Your goal: The answer should consist of the full listing below, repeated exactly and free of pictures.

Information supplied:
*** Block opens ***

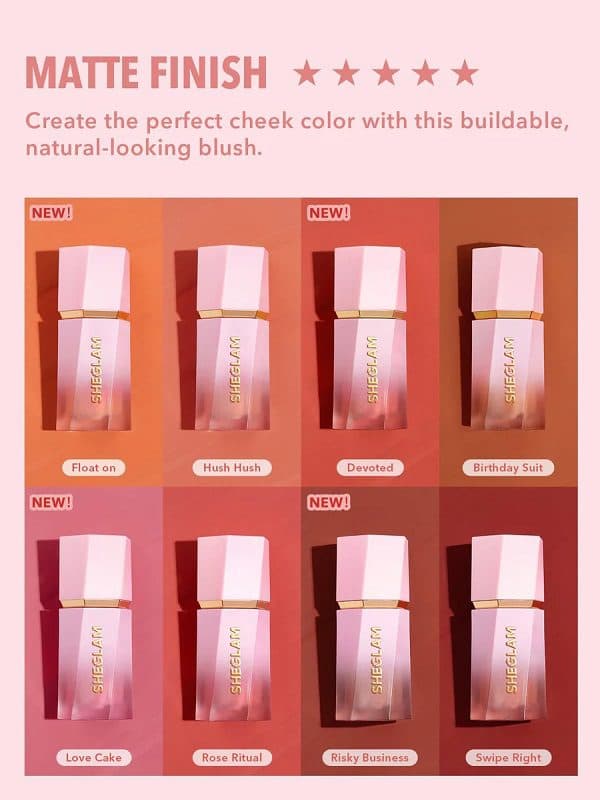 رژ گونه مایع مات COLOR BLOOM -DEVOTED شیگلم SHEGLAM — تصویر ۴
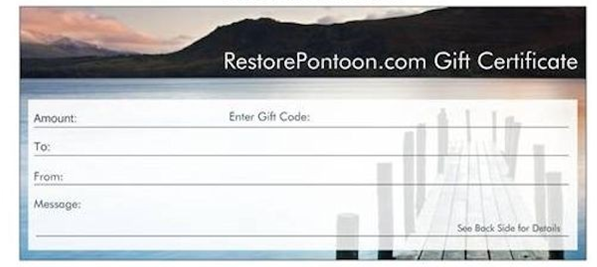 Restore Pontoon Gift Card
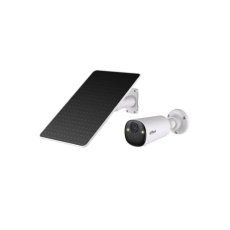 Camera IP Wi-Fi 6, 4MP, Panou Solar, 2.1 mm, IR 15 m, LED 20 m, Mic, Difuzor, Card  - Dahua KIT/BF4CP-0210B/M0508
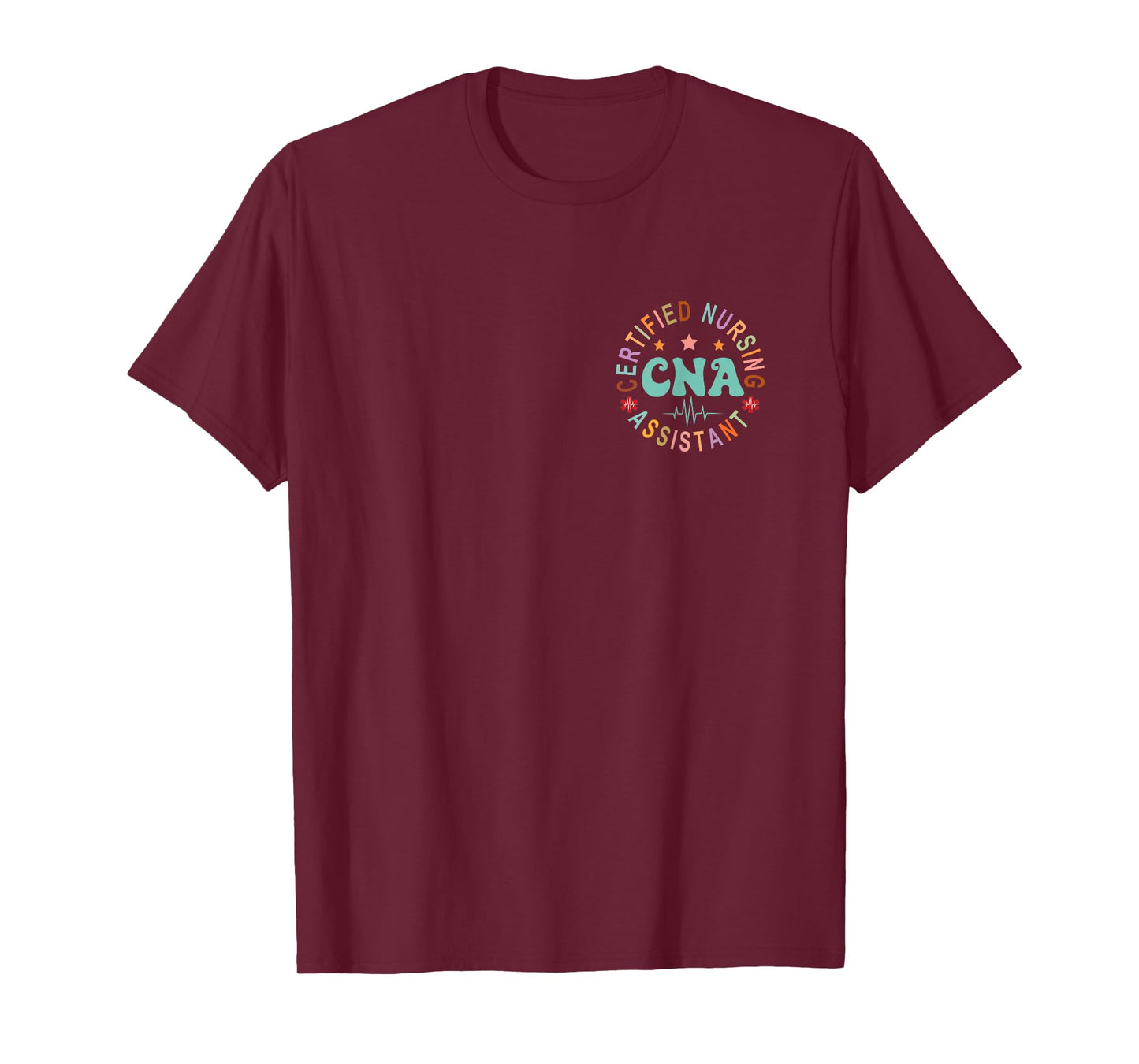 Certified Nurse Assistant Appreciation CNA Apparel Unisex-Adults Black Small Straight Short Sleeve T-Shirt Nursing T-Shirt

*** Block closes ***

Answer to this problem:
 رژ گونه مایع مات COLOR BLOOM -DEVOTED شیگلم SHEGLAM — تصویر ۴
 Restore Pontoon Gift Card
 Camera IP Wi-Fi 6, 4MP, Panou Solar, 2.1 mm, IR 15 m, LED 20 m, Mic, Difuzor, Card  - Dahua KIT/BF4CP-0210B/M0508
 Certified Nurse Assistant Appreciation CNA Apparel Unisex-Adults Black Small Straight Short Sleeve T-Shirt Nursing T-Shirt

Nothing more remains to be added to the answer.